__Problem statement__
Every picture is to be removed, and all the data is to be copied exactly.
-- Opening Marker --
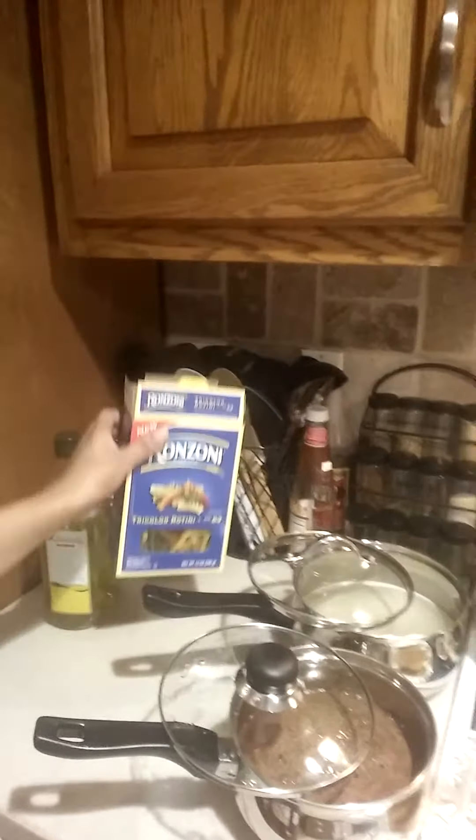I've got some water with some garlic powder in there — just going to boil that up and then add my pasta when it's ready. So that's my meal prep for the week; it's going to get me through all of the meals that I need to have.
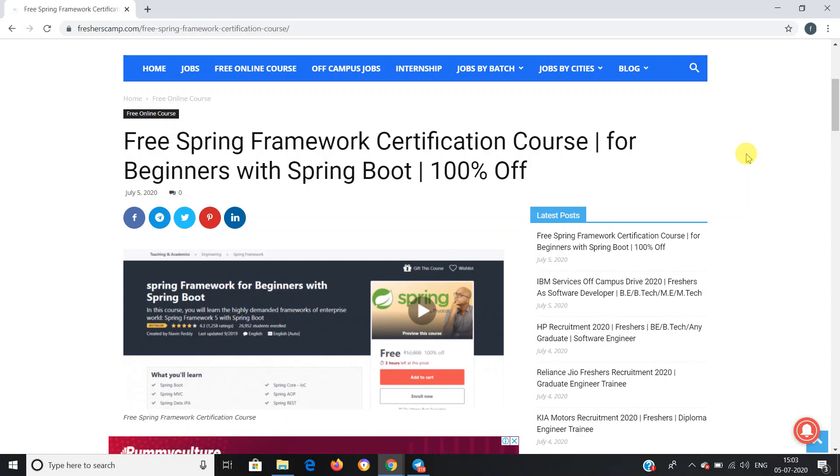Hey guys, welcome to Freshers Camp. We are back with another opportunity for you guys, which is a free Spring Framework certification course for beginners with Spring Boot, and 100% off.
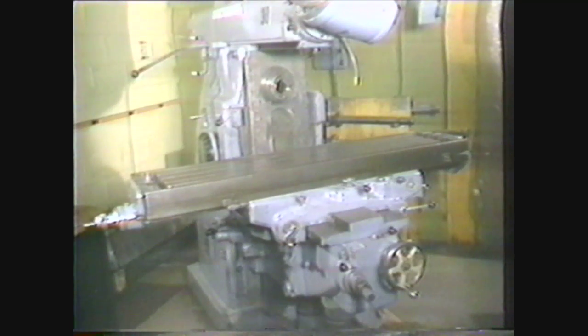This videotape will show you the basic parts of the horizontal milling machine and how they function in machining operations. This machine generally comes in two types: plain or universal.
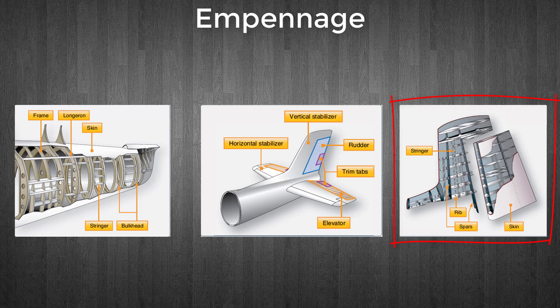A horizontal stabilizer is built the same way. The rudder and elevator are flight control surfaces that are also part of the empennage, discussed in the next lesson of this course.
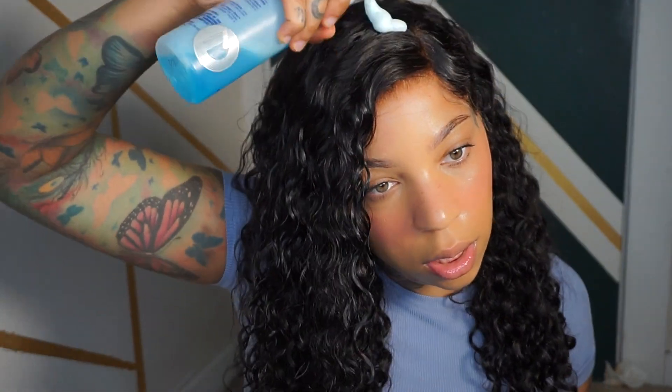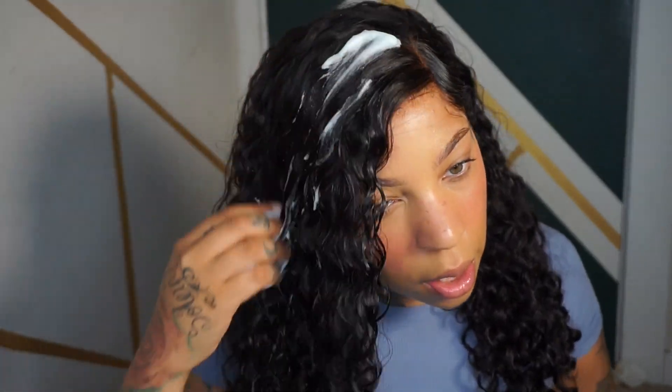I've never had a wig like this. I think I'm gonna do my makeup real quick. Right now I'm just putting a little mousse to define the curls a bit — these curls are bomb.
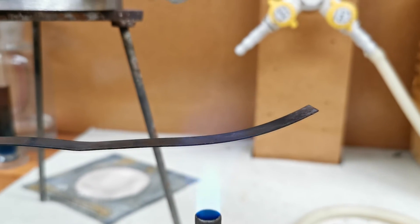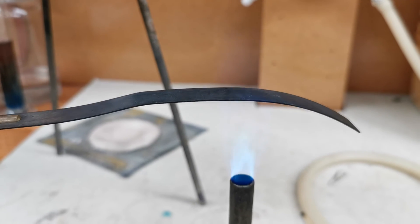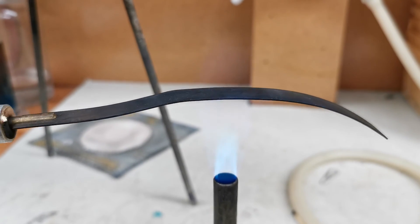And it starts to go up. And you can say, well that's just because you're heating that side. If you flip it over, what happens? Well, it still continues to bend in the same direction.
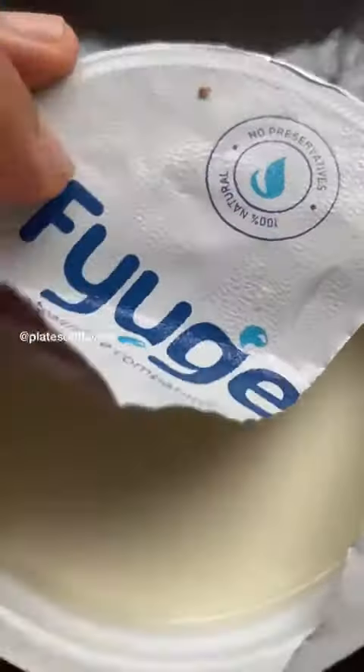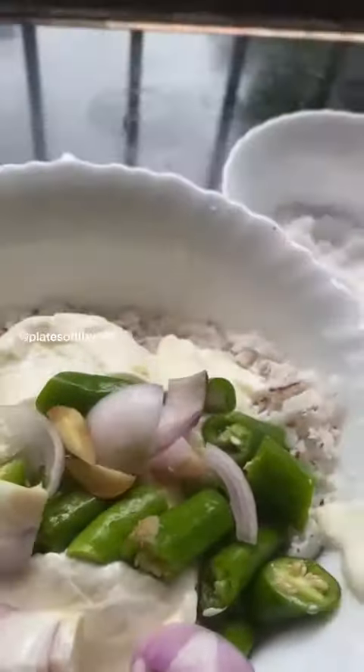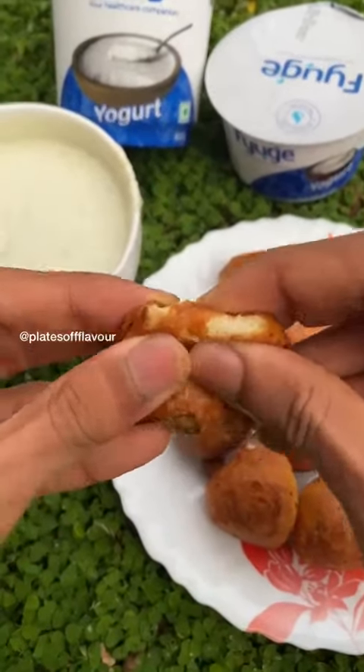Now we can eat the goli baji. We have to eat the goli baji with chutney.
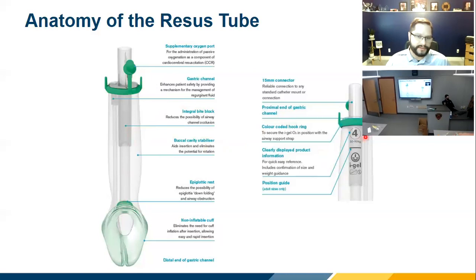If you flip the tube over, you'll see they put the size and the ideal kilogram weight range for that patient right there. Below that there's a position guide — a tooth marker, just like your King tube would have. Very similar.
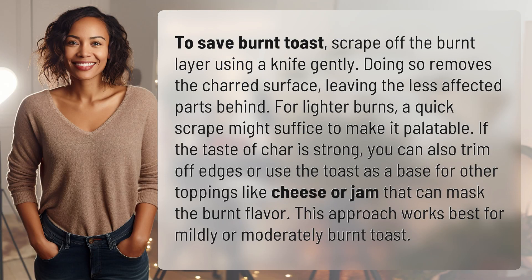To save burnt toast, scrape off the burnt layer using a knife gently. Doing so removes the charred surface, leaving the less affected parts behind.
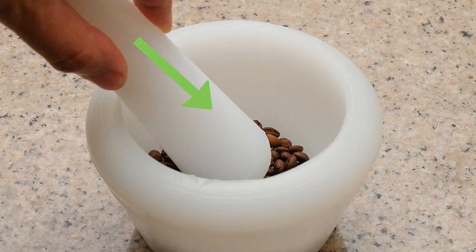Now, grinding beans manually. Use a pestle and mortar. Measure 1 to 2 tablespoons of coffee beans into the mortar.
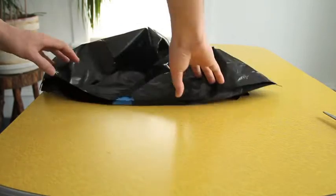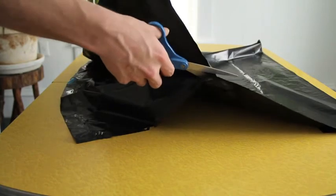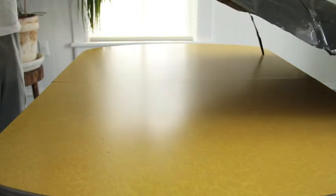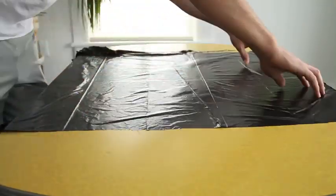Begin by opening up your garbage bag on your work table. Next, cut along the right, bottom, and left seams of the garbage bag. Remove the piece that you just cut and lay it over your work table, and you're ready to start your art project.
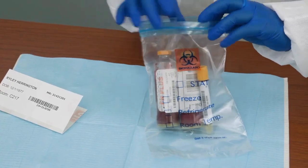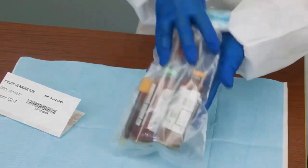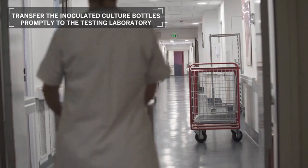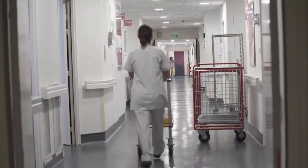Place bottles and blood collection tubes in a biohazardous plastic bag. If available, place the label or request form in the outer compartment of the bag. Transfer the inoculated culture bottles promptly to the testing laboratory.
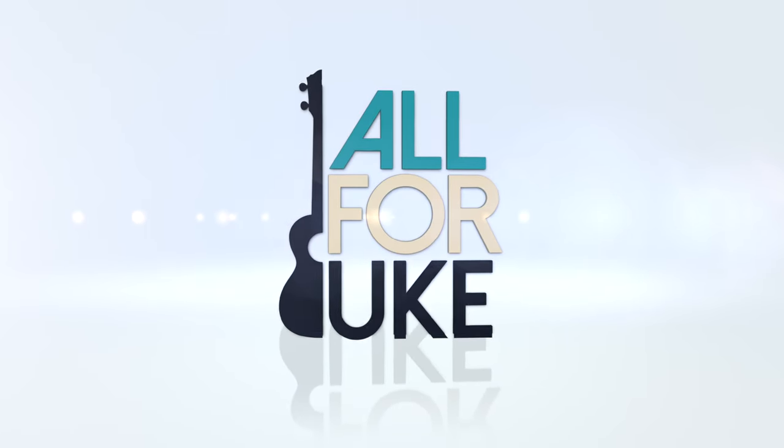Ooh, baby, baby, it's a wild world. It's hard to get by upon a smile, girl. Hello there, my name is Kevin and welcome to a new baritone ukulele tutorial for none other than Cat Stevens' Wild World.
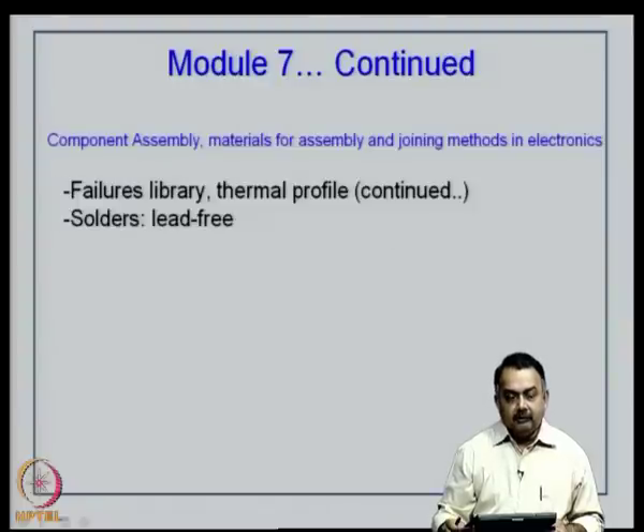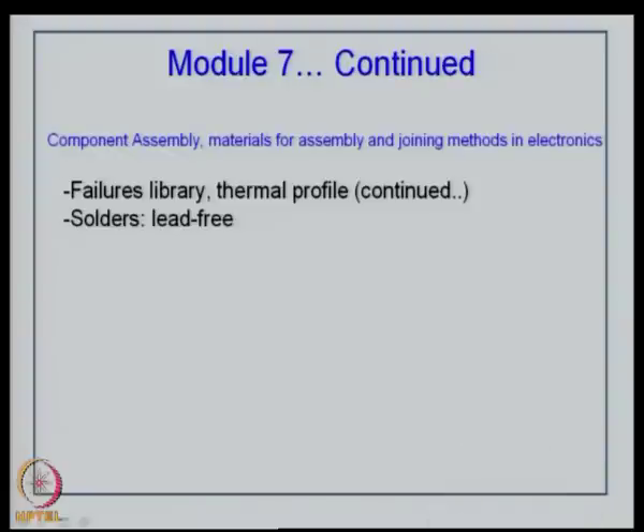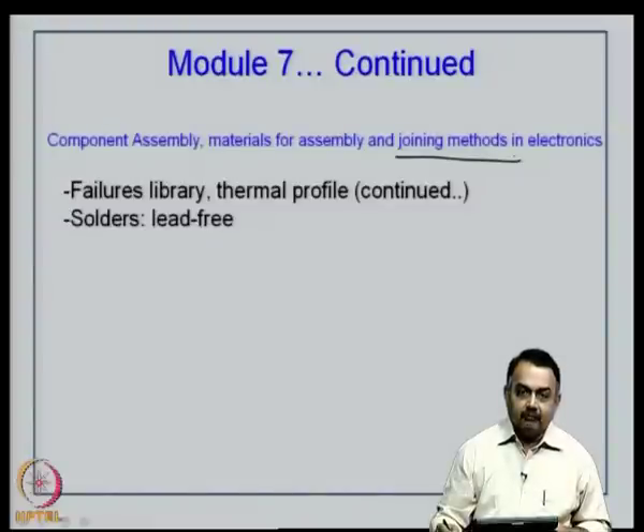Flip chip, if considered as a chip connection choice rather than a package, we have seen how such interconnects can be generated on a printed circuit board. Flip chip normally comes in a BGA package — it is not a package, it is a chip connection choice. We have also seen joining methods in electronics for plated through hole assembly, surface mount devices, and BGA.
-- Closing Marker --
__Task response__
I've got some water with some garlic powder in there — just going to boil that up and then add my pasta when it's ready. So that's my meal prep for the week; it's going to get me through all of the meals that I need to have.
Hey guys, welcome to Freshers Camp. We are back with another opportunity for you guys, which is a free Spring Framework certification course for beginners with Spring Boot, and 100% off.
This videotape will show you the basic parts of the horizontal milling machine and how they function in machining operations. This machine generally comes in two types: plain or universal.
A horizontal stabilizer is built the same way. The rudder and elevator are flight control surfaces that are also part of the empennage, discussed in the next lesson of this course.
I've never had a wig like this. I think I'm gonna do my makeup real quick. Right now I'm just putting a little mousse to define the curls a bit — these curls are bomb.
And it starts to go up. And you can say, well that's just because you're heating that side. If you flip it over, what happens? Well, it still continues to bend in the same direction.
Now we can eat the goli baji. We have to eat the goli baji with chutney.
If you flip the tube over, you'll see they put the size and the ideal kilogram weight range for that patient right there. Below that there's a position guide — a tooth marker, just like your King tube would have. Very similar.
To save burnt toast, scrape off the burnt layer using a knife gently. Doing so removes the charred surface, leaving the less affected parts behind.
Now, grinding beans manually. Use a pestle and mortar. Measure 1 to 2 tablespoons of coffee beans into the mortar.
Begin by opening up your garbage bag on your work table. Next, cut along the right, bottom, and left seams of the garbage bag. Remove the piece that you just cut and lay it over your work table, and you're ready to start your art project.
Place bottles and blood collection tubes in a biohazardous plastic bag. If available, place the label or request form in the outer compartment of the bag. Transfer the inoculated culture bottles promptly to the testing laboratory.
Ooh, baby, baby, it's a wild world. It's hard to get by upon a smile, girl. Hello there, my name is Kevin and welcome to a new baritone ukulele tutorial for none other than Cat Stevens' Wild World.
Flip chip, if considered as a chip connection choice rather than a package, we have seen how such interconnects can be generated on a printed circuit board. Flip chip normally comes in a BGA package — it is not a package, it is a chip connection choice. We have also seen joining methods in electronics for plated through hole assembly, surface mount devices, and BGA.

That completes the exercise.